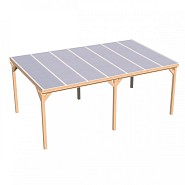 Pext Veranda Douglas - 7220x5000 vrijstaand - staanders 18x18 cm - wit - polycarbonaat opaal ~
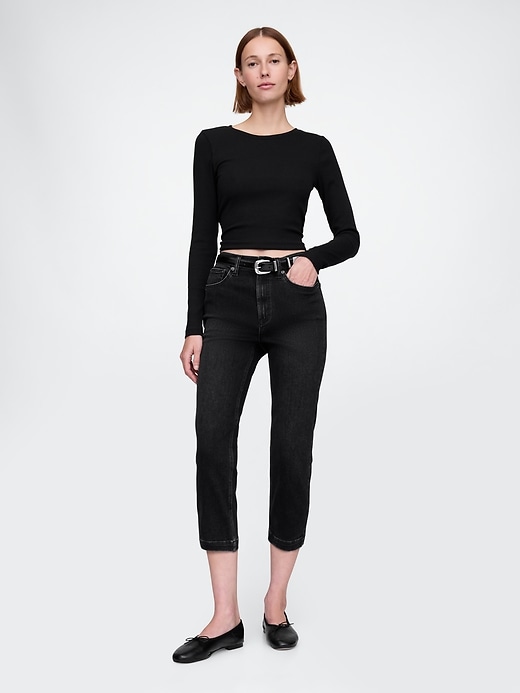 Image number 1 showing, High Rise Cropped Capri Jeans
################
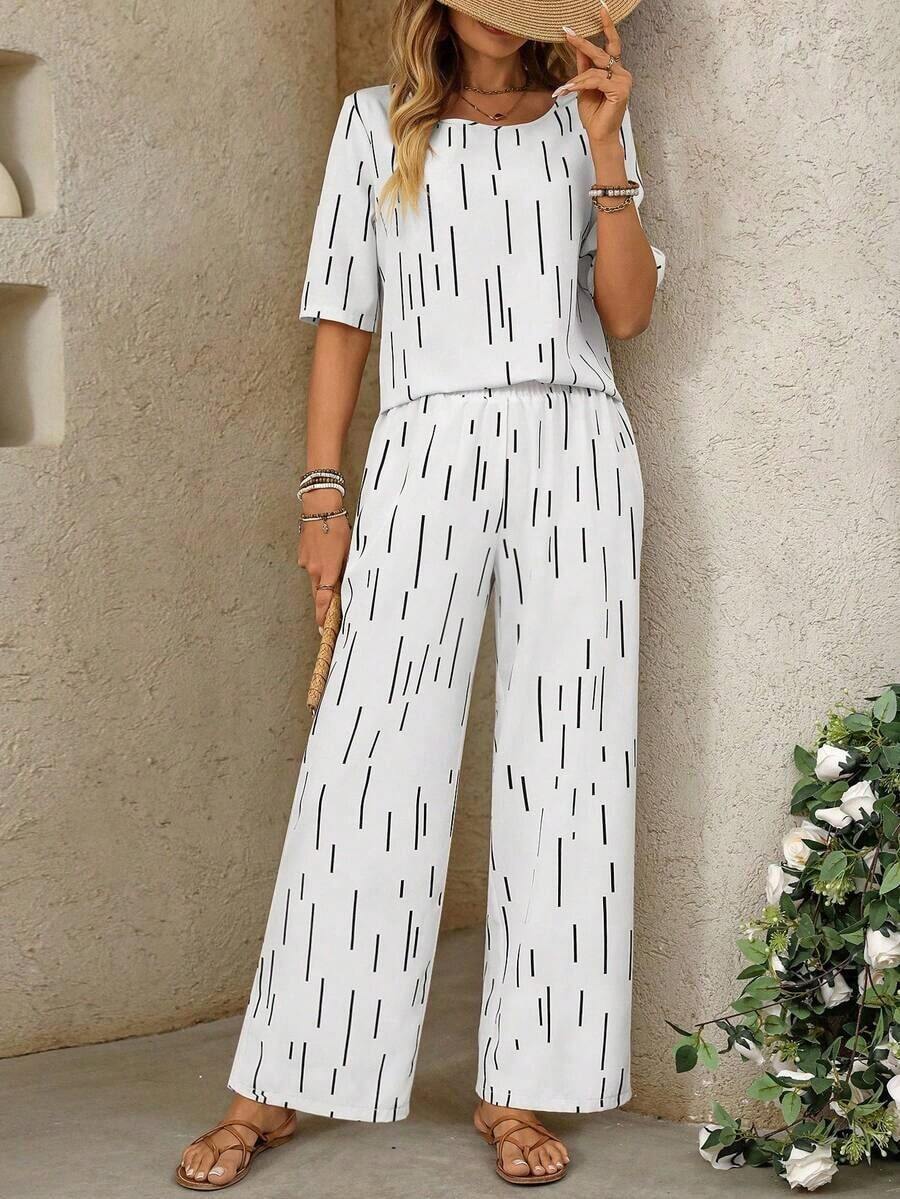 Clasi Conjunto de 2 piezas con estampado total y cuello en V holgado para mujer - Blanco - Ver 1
################
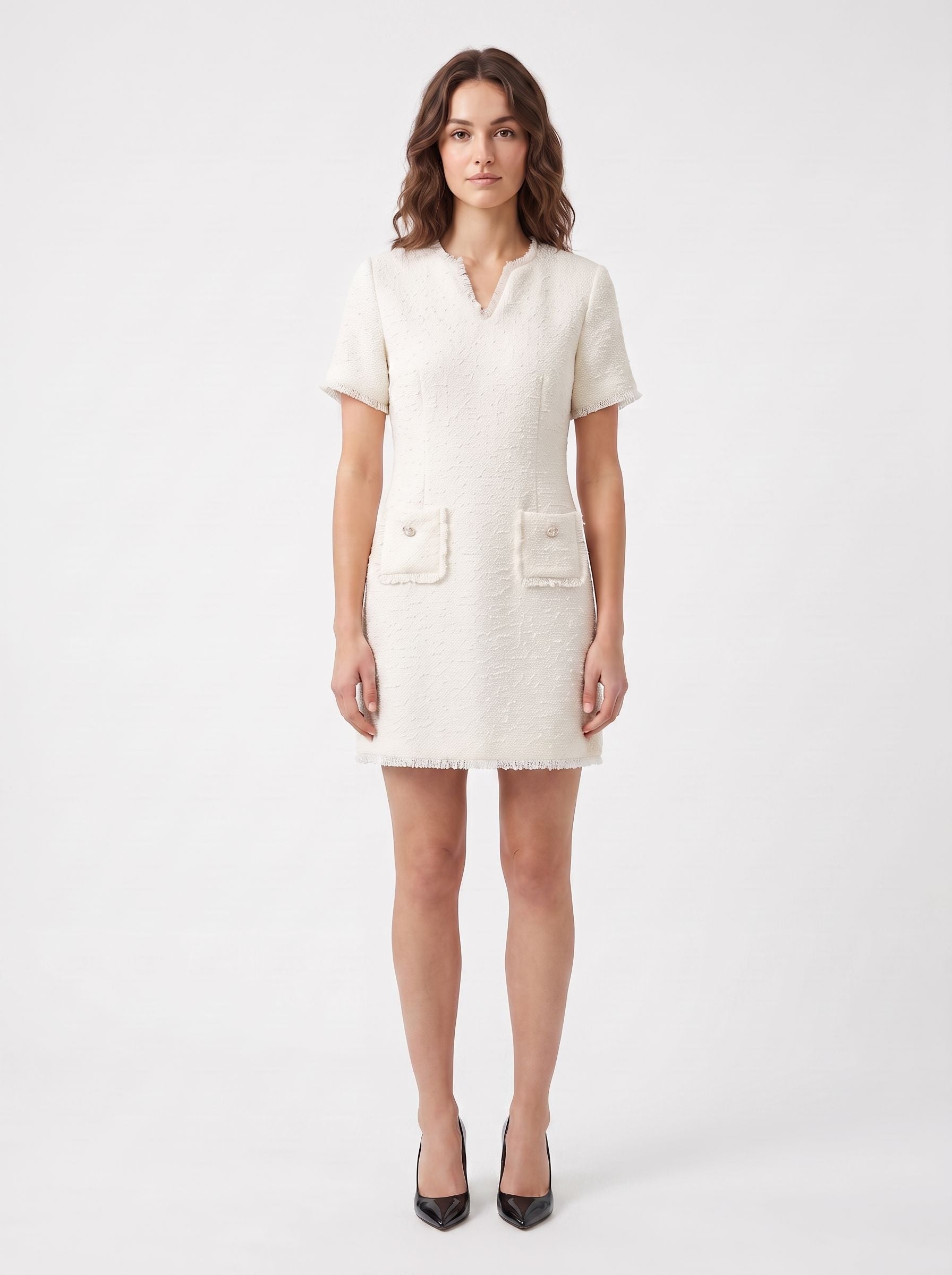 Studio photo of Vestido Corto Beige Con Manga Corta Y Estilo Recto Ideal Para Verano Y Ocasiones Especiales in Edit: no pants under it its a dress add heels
################
## Exercise
When copying from the data above, print only the lines from the line containing "Pext Veranda Douglas" to the line containing "Image number 1", exactly, and leave the pictures out.

## Result of the exercise
 Pext Veranda Douglas - 7220x5000 vrijstaand - staanders 18x18 cm - wit - polycarbonaat opaal ~
 Image number 1 showing, High Rise Cropped Capri Jeans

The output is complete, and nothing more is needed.